Acclaimed journalist and author Sonia Nazario will share the story of a Honduran boy’s struggle to find his mother in the United States in “Enrique’s Journey and America’s Immigration Dilemma” at 7:30 p.m. Sept. 27 at the Lied Center for Performing Arts.

The event is the opening lecture in the 2016-17 E.N. Thompson Forum on World Issues and the Humanities Nebraska Governor’s Lecture in the Humanities.

Nazario will draw from her bestselling book, “Enrique’s Journey,” which was originally published in the Los Angeles Times and won a Pulitzer Prize for feature writing in 2003, among numerous other awards.
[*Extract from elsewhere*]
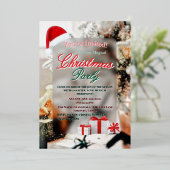 Elegant Winter Christmas Party Invitation 箔招待状 (立ち正面)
With 2016 marking the centennial of the Pulitzer Prizes, she will also offer her thoughts on the Pulitzer’s place in American literary life and how winning the award has affected her career.
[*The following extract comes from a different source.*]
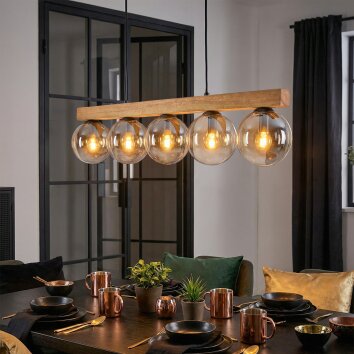 Gastor lampa wisząca, kula świetlna, lampa wisząca kolory naturalne, czarny, 5-punktowe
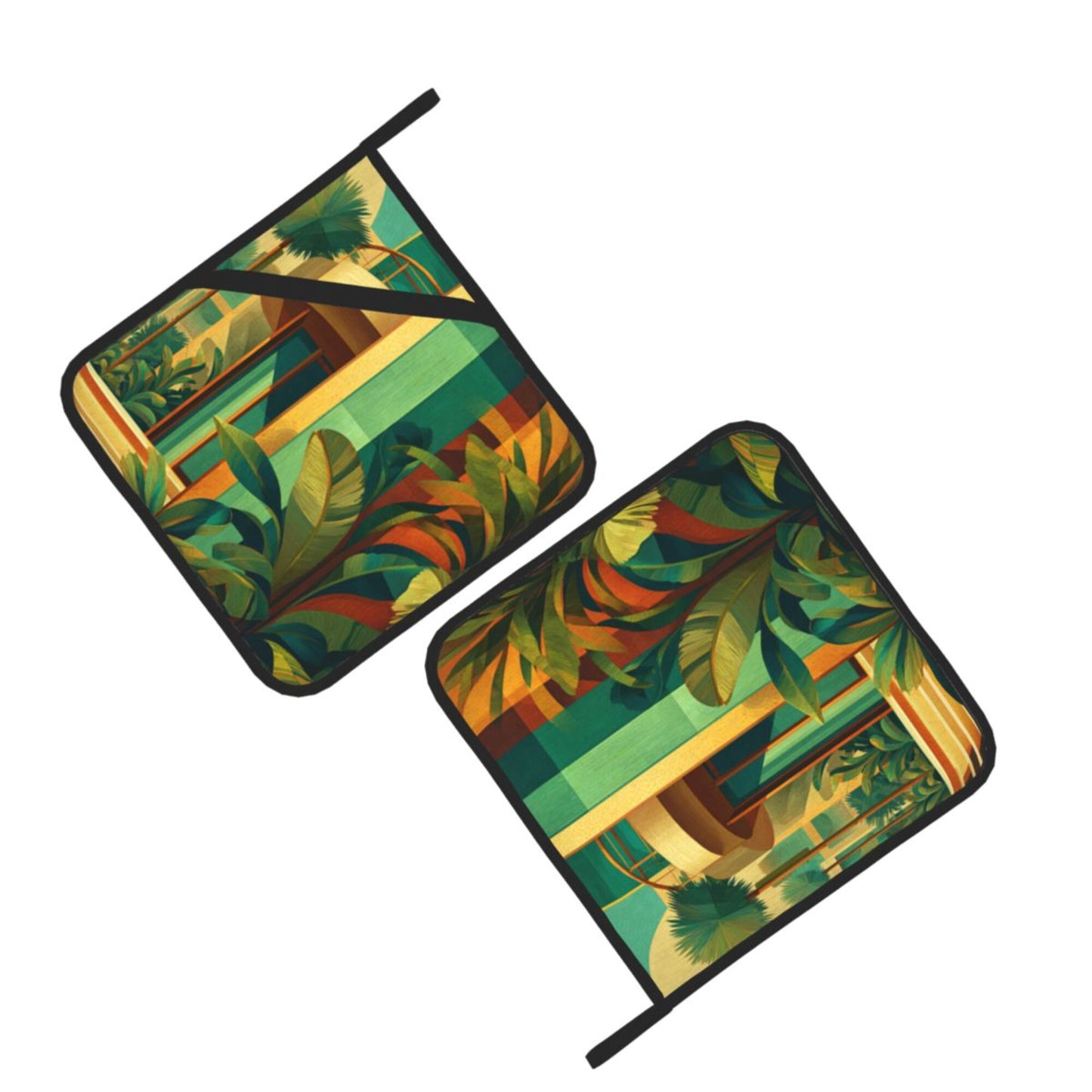 Square Heat Resistant Pads Set of 2 – Kitchen and Dining Protectors with Modern Architecture & Tropical Plant Design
Nazario spent 20 years reporting about social issues for newspapers including the Wall Street Journal and the Times. Her stories have tackled some of America’s most challenging problems, including hunger, drug addiction and immigration.

A graduate of Williams College with a master’s degree in Latin American studies from the University of California, Berkeley, Nazario began her career as the youngest writer to be hired by the Wall Street Journal. She has been named among the most influential Latinos by Hispanic Business magazine and a trendsetter by Hispanic Magazine. Her humanitarian efforts led to her selection as the Don and Arvonne Fraser Human Rights Award recipient from the Advocates for Human Rights in 2015.

David Zaritzky Brown, managing partner of Brown Immigration Law in Lincoln, will give the pre-talk “The Immigration Dilemma: Examining Our Broken System and How We Fix It” at 7 p.m. in the Lied Center’s Steinhart Room.

Brown has more than 18 years of U.S. and Canadian immigration law experience, including stints in Toronto and Silicon Valley. His firm, founded in 2006, focuses on U.S. business immigration matters and supports clients with global immigration needs. He has represented leading companies in industries such as graphic arts, special effects, high tech, health care, biopharmaceutical, scientific instruments, consulting and financial services, as well as many startups. He also experienced the U.S. immigration system firsthand as a Canadian immigrant who became a U.S. citizen in 2008.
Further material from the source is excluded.